Exercise instructions:
Transcribe exactly the lines from the one containing "Folie protectie Bizon" through the end of the data, both included. Leave out pictures.

Source material:
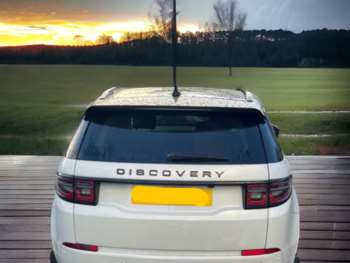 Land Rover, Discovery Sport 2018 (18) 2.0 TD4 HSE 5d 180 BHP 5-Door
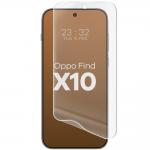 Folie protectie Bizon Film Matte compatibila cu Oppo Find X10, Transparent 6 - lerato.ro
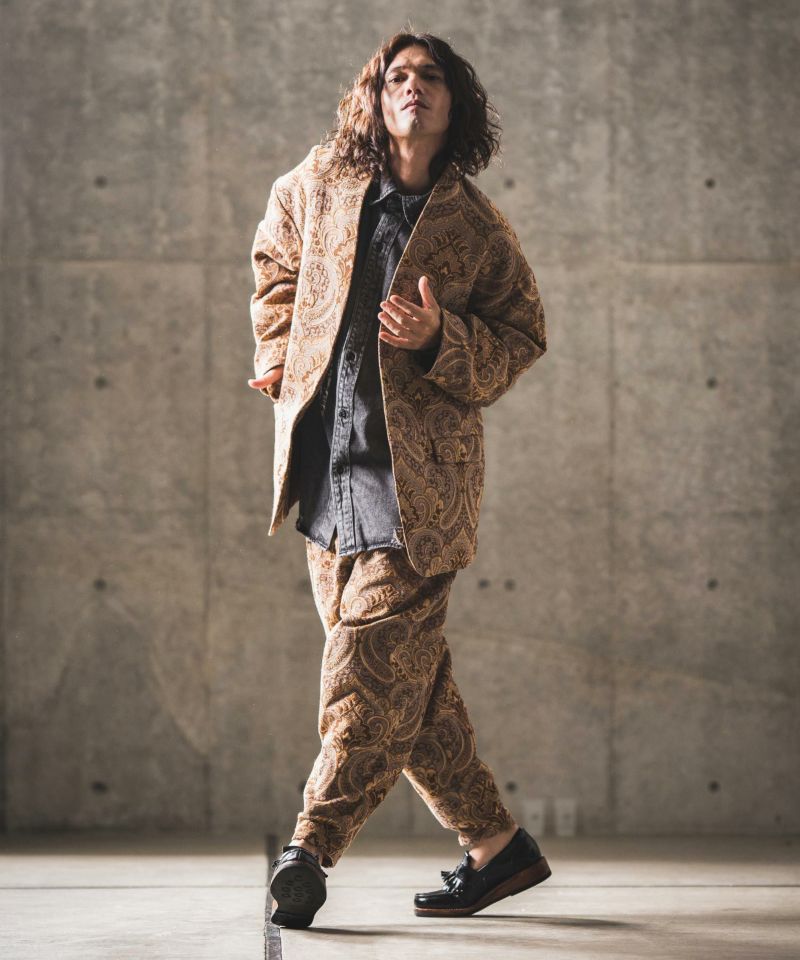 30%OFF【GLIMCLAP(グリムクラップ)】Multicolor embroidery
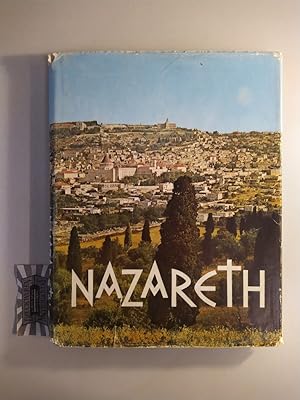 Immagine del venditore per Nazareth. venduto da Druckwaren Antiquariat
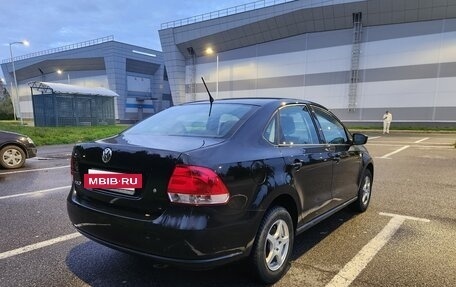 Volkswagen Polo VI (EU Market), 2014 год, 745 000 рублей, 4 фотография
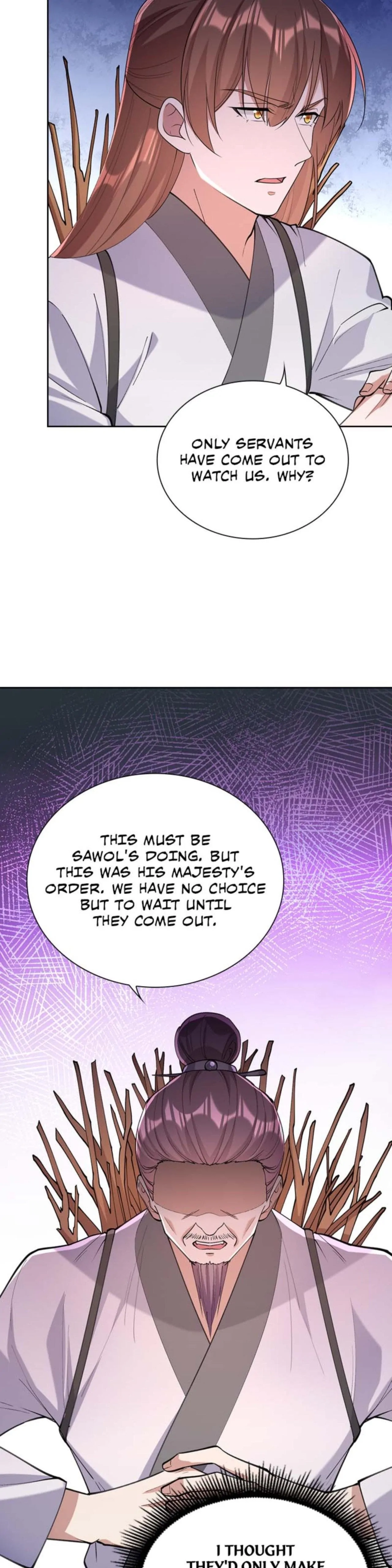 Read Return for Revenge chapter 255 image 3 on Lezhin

Answer to the exercise:
 Folie protectie Bizon Film Matte compatibila cu Oppo Find X10, Transparent 6 - lerato.ro
 30%OFF【GLIMCLAP(グリムクラップ)】Multicolor embroidery
 Immagine del venditore per Nazareth. venduto da Druckwaren Antiquariat
 Volkswagen Polo VI (EU Market), 2014 год, 745 000 рублей, 4 фотография
 Read Return for Revenge chapter 255 image 3 on Lezhin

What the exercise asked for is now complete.